Hello, I have run out of room on my computer (Macbook Pro) and need to figure out what to do. I was interested in using the new Lightroom cloud but I can't print from it (I'm a scrapbooker and print most of my pics). That's a deal breaker for me. I have 1 catalog with all my photos organized by year/month/event. I do most of my edits in LR (rarely use Photoshop) and then use their print capabilities. I don't know if I should separate the catalog into 2 year increments and keep old years on an external drive, or use a cloud based storage, like Google Photos, or set up my own home cloud system. Help! Thanks in advance!


----------



## John Little (Dec 23, 2017)

The catalog is basically a database, which stores info about your actual photo files. One crucial piece of info is where the files are on your computer (or on an external HD). Importantly, the files do not all need to be stored in the same place. All LR needs to know is where each file is located. So, for instance, you could move your older photos (or ones you don't use so often) to an EHD, and tell LR where they are now located. The experts will probably tell you that it's best to move them using LR.


----------



## Vicki Tashman (Dec 23, 2017)

John Little said:


> The catalog is basically a database, which stores info about your actual photo files. One crucial piece of info is where the files are on your computer (or on an external HD). Importantly, the files do not all need to be stored in the same place. All LR needs to know is where each file is located. So, for instance, you could move your older photos (or ones you don't use so often) to an EHD, and tell LR where they are now located. The experts will probably tell you that it's best to move them using LR.



Thank you John! A friend suggested this to me today, but I was confused about the catalog. So I can keep all photos in the same catalog and then move the older ones? I've never done this before. Do I select all photos in each folder and then have LR move them? Thanks so much for your help.


----------



## John Little (Dec 23, 2017)

Vicki Tashman said:


> Thank you John! A friend suggested this to me today, but I was confused about the catalog. So I can keep all photos in the same catalog and then move the older ones? I've never done this before. Do I select all photos in each folder and then have LR move them? Thanks so much for your help.



It's crucial to understand the difference between the catalog and the photos themselves. The catalog doesn't contain the photos, it contains information about them. Some of this info is "metadata", some is the location of the actual photos, some is a description of the edits you have done in the Develop module. There may be others. But as I said the catalog is a database about the photos. Most critically, if you back up the catalog (as is recommended) you are not backing up the photos themselves.
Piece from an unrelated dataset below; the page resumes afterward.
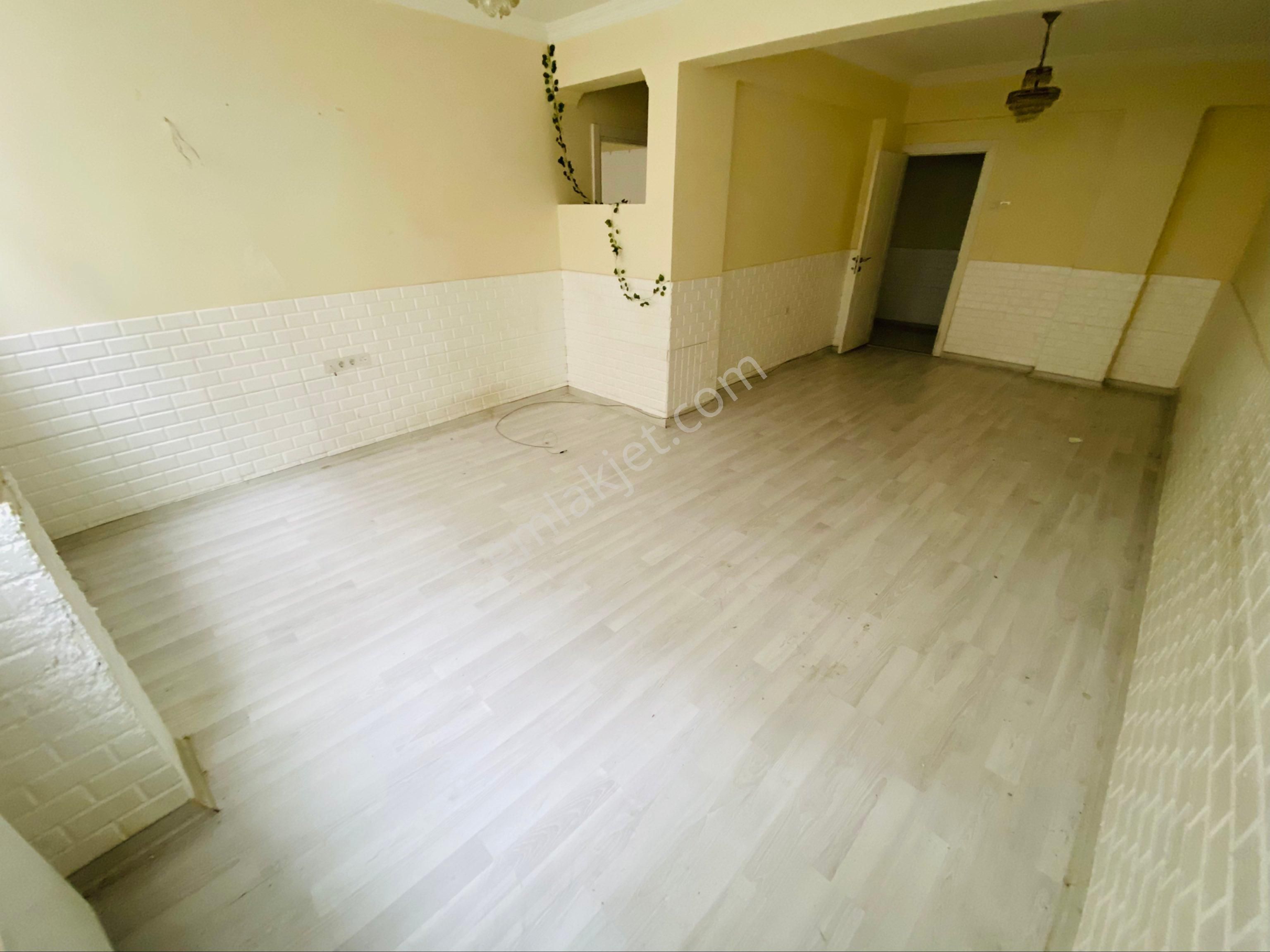 Konak Murat Reis Kiralık Daire İzmir Spor Metro Yakını 2+1 95m2 Doğalgazlı Temiz Bakımlı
See Lightroom Top 10 Gotchas (or stuff you wish you'd known when you started) for more details.

Victoria's book on LR (Shop | The Lightroom Queen) gives very clear directions on how to move the photos. I'll defer to her instead of copy-and-pasting her work. She explains that you can either move them using the operating system (I don't do Mac's but I assume you know how) then tell LR where they are now, or do simple drag-and-drop operations within LR. I'd look at her book or other sources for more lucid and authoritative explanations than I can give. Also I don't want to get it wrong and lead to a disaster on your end!


----------



## Vicki Tashman (Dec 23, 2017)

John Little said:


> It's crucial to understand the difference between the catalog and the photos themselves. The catalog doesn't contain the photos, it contains information about them. Some of this info is "metadata", some is the location of the actual photos, some is a description of the edits you have done in the Develop module. There may be others. But as I said the catalog is a database about the photos. Most critically, if you back up the catalog (as is recommended) you are not backing up the photos themselves. See Lightroom Top 10 Gotchas (or stuff you wish you'd known when you started) for more details.
> 
> Victoria's book on LR (Shop | The Lightroom Queen) gives very clear directions on how to move the photos. I'll defer to her instead of copy-and-pasting her work. She explains that you can either move them using the operating system (I don't do Mac's but I assume you know how) then tell LR where they are now, or do simple drag-and-drop operations within LR. I'd look at her book or other sources for more lucid and authoritative explanations than I can give. Also I don't want to get it wrong and lead to a disaster on your end!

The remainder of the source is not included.